A phase II noncomparative study of neoadjuvant (NA) chemohormone therapy (CHT), radical prostatectomy (RP), and postoperative radiotherapy (RT) in locally advanced (LA) high-risk prostate cancer (HRPC): A monoinstitutional 6-year experience with two NA CHT regimens

Abstract

e16091 Background: HRPC criteria include stage T2b-T2c according to the AJCC classification, PSA ≥ 10 ng/ml, Gleason score (GS) 7–10 with 12, 6% 7-year cancer specific mortality rate (D'Amico AV, Cancer. 2006).
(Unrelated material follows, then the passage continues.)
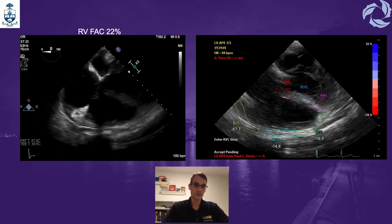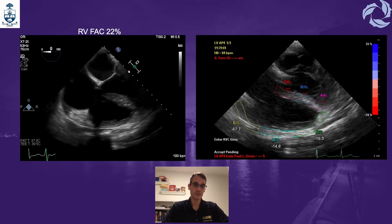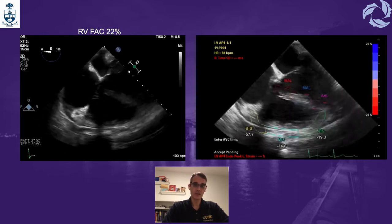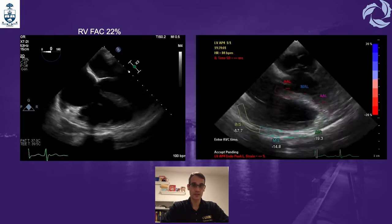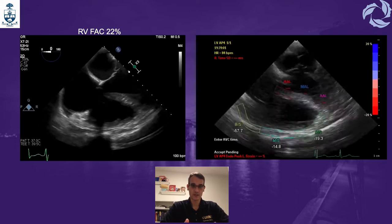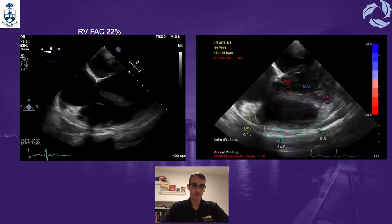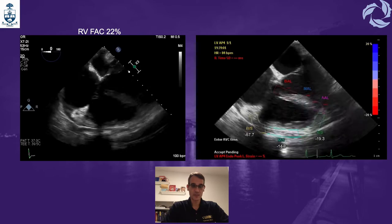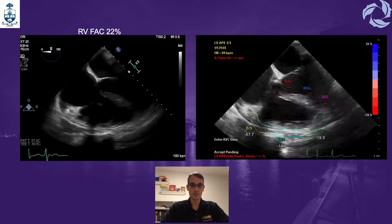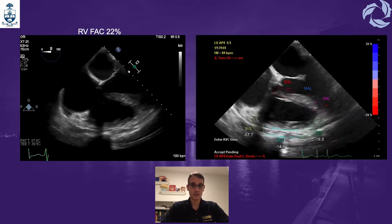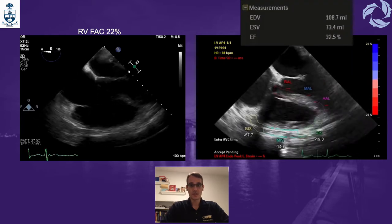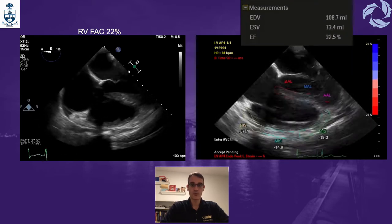Right ventricular function was evaluated by fractional area change, which was 22%, consistent with moderate RV dysfunction. On the right side of the screen, we used right ventricular free wall strain — which is 84% accurate compared to MRI for measuring RV systolic function — using speckle tracking technology. The RV strain was reduced in the mid and apical free walls. Normal values should always be below minus 25%. The calculated right ventricular ejection fraction was 32.5%, whereas normal should be above 45%.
Several small nonrandomized NA chemotherapy studies were performed in this setting (Kim N. Chi J Urol. 2008; Prayer-Galletti T. Br J Urol. 2007; Konety BR. J Urol. 2004) with DFS of 42%-70%. Aim of this study: to evaluate the feasibility, efficacy, and toxicity of NA-CHT followed by RP and postoperative RT. Methods: Histological diagnosis of LA HRPC (T2b-T4), GS > 8, PSA > 10 ng/ml, age < 65 years, PS 0–1. Treatment: group A) paclitaxel 80 mg/sqm/weekly and estramustine phosphate (EP) 10 mg/Kg/day for 5 days/week for 4 months. Group B) carboplatin (AUC 5) i.v day 1 q 21 plus docetaxel 30 mg/sqm i.v day 1,8 and EP day -1-+4 and 7–11 q 21 for 4 cycles. Thereafter, the responsive and stable patients (pts) were submitted to RP and adjuvant RT (60–70Gy/30–35 fr) or to radical (R) RT (78 Gy/39 fr) respectively. Primary endpoint: disease-free survival (DFS); secondary endpoint: PSA relapse-free survival (RFS), overall survival (OS). Results: Between 2002 and 2008, 29 pts entered onto the studies. The toxicity was mild. The down-staging was obtained on 2 group A pts and on 1 group B pt respectively. Conclusions: NA-CHT with both regimens was been shown feasible and nontoxic in LAHRPC. Although a clinical response was documented, the pathological response was anecdotal.The DFS and OS are encouraging considering the historical data but warrant a randomized study. [Table: see text] No significant financial relationships to disclose.